» **Task directions**
Leave out the pictures and repeat exactly the lines from the one containing "The final pattern" through the final line of the listing below.

» **Given material**
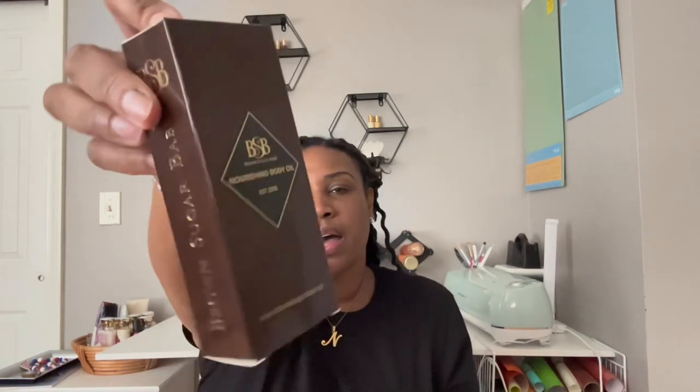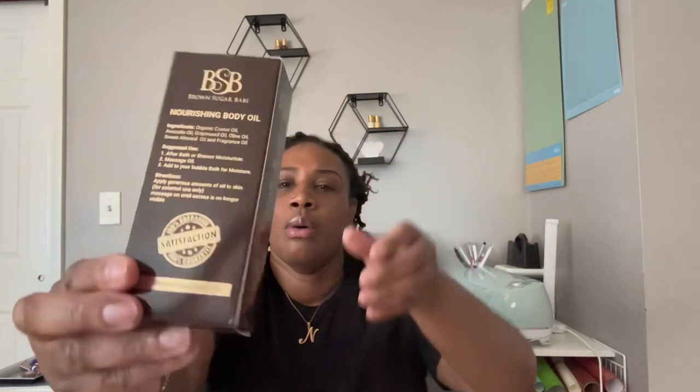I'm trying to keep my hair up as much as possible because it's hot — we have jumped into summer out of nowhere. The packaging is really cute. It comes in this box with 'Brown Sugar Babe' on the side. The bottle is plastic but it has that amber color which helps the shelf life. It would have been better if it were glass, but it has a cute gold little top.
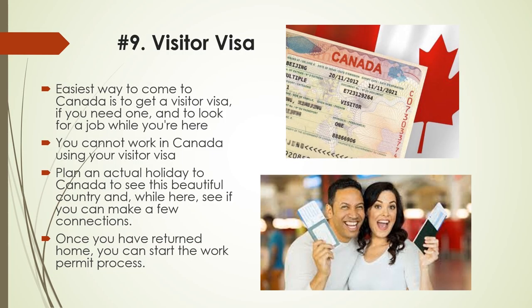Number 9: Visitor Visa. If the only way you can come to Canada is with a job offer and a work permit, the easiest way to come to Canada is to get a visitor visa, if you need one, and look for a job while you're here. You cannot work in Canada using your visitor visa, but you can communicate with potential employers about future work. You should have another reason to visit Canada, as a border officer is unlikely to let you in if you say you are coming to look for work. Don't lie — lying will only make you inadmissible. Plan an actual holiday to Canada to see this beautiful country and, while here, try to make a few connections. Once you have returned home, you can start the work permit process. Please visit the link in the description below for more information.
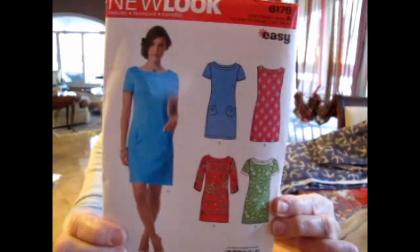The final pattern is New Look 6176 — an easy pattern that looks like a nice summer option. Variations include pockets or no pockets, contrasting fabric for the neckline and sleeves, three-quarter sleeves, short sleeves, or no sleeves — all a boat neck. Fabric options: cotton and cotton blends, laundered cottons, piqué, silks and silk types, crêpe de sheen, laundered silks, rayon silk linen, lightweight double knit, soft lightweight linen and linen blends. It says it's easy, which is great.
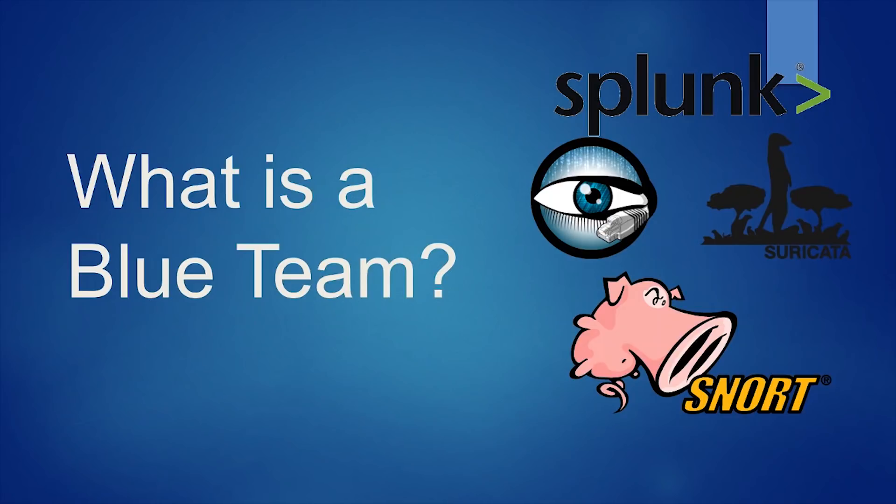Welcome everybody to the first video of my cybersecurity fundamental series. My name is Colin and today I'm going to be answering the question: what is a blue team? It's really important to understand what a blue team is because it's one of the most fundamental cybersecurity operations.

» **Answer for this exercise**
The final pattern is New Look 6176 — an easy pattern that looks like a nice summer option. Variations include pockets or no pockets, contrasting fabric for the neckline and sleeves, three-quarter sleeves, short sleeves, or no sleeves — all a boat neck. Fabric options: cotton and cotton blends, laundered cottons, piqué, silks and silk types, crêpe de sheen, laundered silks, rayon silk linen, lightweight double knit, soft lightweight linen and linen blends. It says it's easy, which is great.
Welcome everybody to the first video of my cybersecurity fundamental series. My name is Colin and today I'm going to be answering the question: what is a blue team? It's really important to understand what a blue team is because it's one of the most fundamental cybersecurity operations.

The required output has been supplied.